Speaking of HBO, the network knows it has some issues to overcome as well. Specifically, the fact it hasn't launched a successful new drama in a while. Not to take away anything from Vinyl or The Leftovers, which are both under-rated, but the dial is not moving for those shows and it was critically acclaimed alone that got them renewed.
Yet HBO has a few more cards to play including the long-delayed but highly anticipated Westworld hitting this fall, along with the return of Sarah Jessica Parker in the comedy Divorce. HBO this week also signed pilot deals for new potential projects from Oscar winners Adam McKay and Kathryn Bigelow so the pipeline is quickly being restocked.
However, what's really going to impact the stock is how HBO's streaming services do, especially after the negative reaction to HBO's first subscription revelations earlier this year. The good news is that the network has made sure shareholders know that area is still a priority.
HBO's streaming strategy is very clever and incorporates all of its marquee properties. From a Game of Thrones after-show (that is essentially a streaming exclusive) to new online content on the horizon from prized acquisitions Bill Simmons and Jon Stewart, you are going to begin seeing the emphasis on streaming begin to pay off.
Showtime also can't be overlooked. While its deals for new films have been severely cut in recent years, the network's original scripted and sports programming has never been stronger.
For example, the Showtime's signature drama series Homeland has seen a resurgence and its stable includes equally critically acclaimed fare like Masters of Sex, Ray Donovan, The Affair and Shameless (which is being called upon for double-duty in 2016).
Like its rivals, 2017 could also be stellar for the CBS-owned cabler as it has the anticipated Twin Peaks revival and Purity on the horizon.
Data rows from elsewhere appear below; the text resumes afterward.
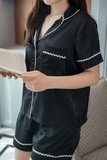 PIJAMA LỤA ĐEN PHỐI VIỀN TRẮNG ( HÀNG THIẾT KẾ )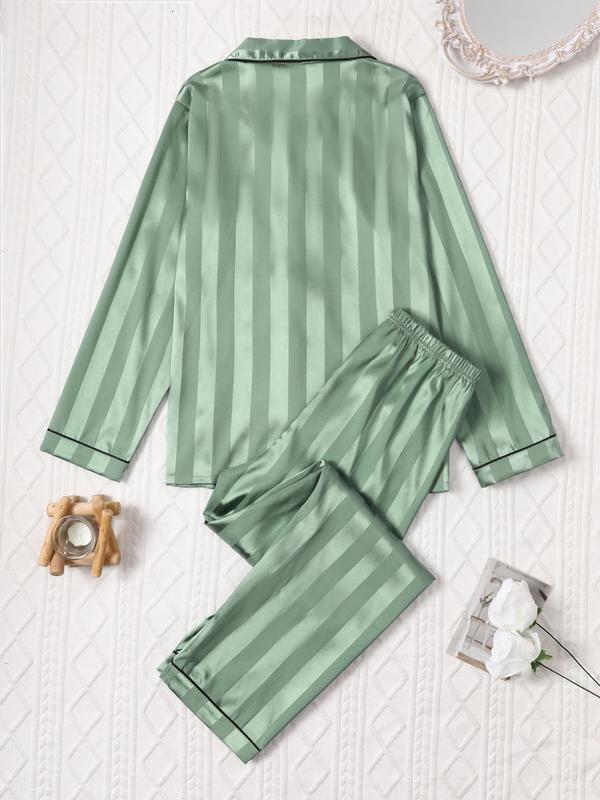 Two-Piece Set Women's Striped Print Button Front Pocket Shirt & Elastic Waist Pants Satin Pyjama, Long Sleeve Lapel Top & Trousers PJ Set, Women's Sleepwear for All Seasons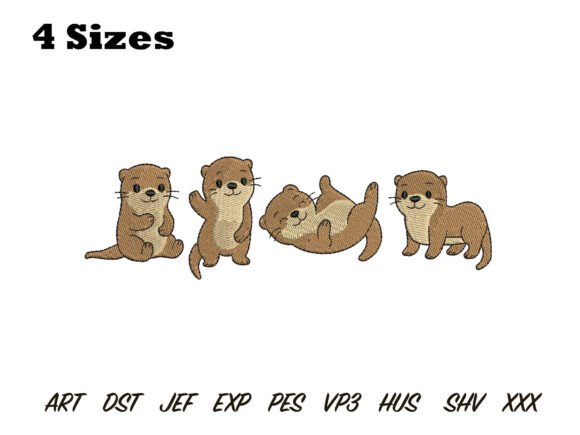 Cute Otter Family Embroidery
Purity is a big win for Showtime as the limited series starring (and co-produced by) Daniel Craig ignited a bidding war. Showtime is just now beginning to embrace the limited series craze, which has worked out well for HBO and other cable networks.
The channel also has a streaming presence with a stand-alone app and add-on deals with companies like Amazon. While it doesn't have the same level of upcoming web/streaming based projects as HBO, it likely still will be able to draw in new subscribers based on that original content.
The question for all of them eventually becomes will that help them compete with Netflix? The answer is essentially, we will have to wait and see as it is important to keep in mind in many homes people have both Netflix and a premium subscription. Still networks want to maintain an advantage over their competition and no matter the price that will never change.
Disclosure: I am/we are long CBS.
Business relationship disclosure: All opinions expressed are the authors and no compensation outside of Seeking Alpha is being received. While the author has a business relationship with a subsidiary of CBS, it is not related to any divisions discussed and the author is not a full-time employee.